If there’s a hero from the 1970s for me, or at least a symbol of its numbing cynicism, it’s a fictional one: Travis Bickle, the paranoid loner portrayed by Robert DeNiro in 1976’s “Taxi Driver.” Travis had a very dark and mistrustful worldview. Nobody was a friend. Everybody was a potential enemy. He tried his best to do good in his own way, but he kept tripping over his own feet and delusions. Not exactly a shining beacon of the Baby Boomer generation.

Neither am I, if you want to know the honest truth. And that’s not meant as a slight against baby boomers, either, whoever or whatever they are. It’s simply a recognition that people who graduated high school in 1967 have a whole different set of experiences than those who graduated a decade later, and should not be lumped into the same box of crayons. And yet we are. Somehow I’m a baby boomer, because that’s how the sociologists branded me.

Anyway, let’s make a deal, millennials: I promise not to rant about your little tics and quirks, at least not in public.

And you promise not to say “OK Boomer” to me.

OK, Millennial?

3 Comments

  1. My son, who either missed the Millennial cut by five years or barely made it — depending on whether everybody gets a trophy — loves to drop the “boomer” meme on me, the son of two capita-Bs, who arrived within five years of being in Mrs. Martin’s second period English class when the planes flew into the buildings.

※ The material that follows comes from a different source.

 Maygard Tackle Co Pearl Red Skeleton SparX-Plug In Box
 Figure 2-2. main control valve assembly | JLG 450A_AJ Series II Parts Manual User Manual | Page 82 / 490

    But what do I know? I think sexes, Germanys, and Star Wars trilogies come in sets of two. As Karate Kid’s dad used to say, parents just don’t understand.

    Liked by 1 person

    1. Well now you’ll just have to tell him that you came within a few years of being a millennial yourself — no, there are no trophies! — and that you fall firmly in the Gen X camp, as I understand it. Which makes you and my wife part of the same gen. And as you know, the boomers and millennials are so busy competing for all the attention and prizes that your poor group is lucky to get a lovely parting gift before being shooed off the stage.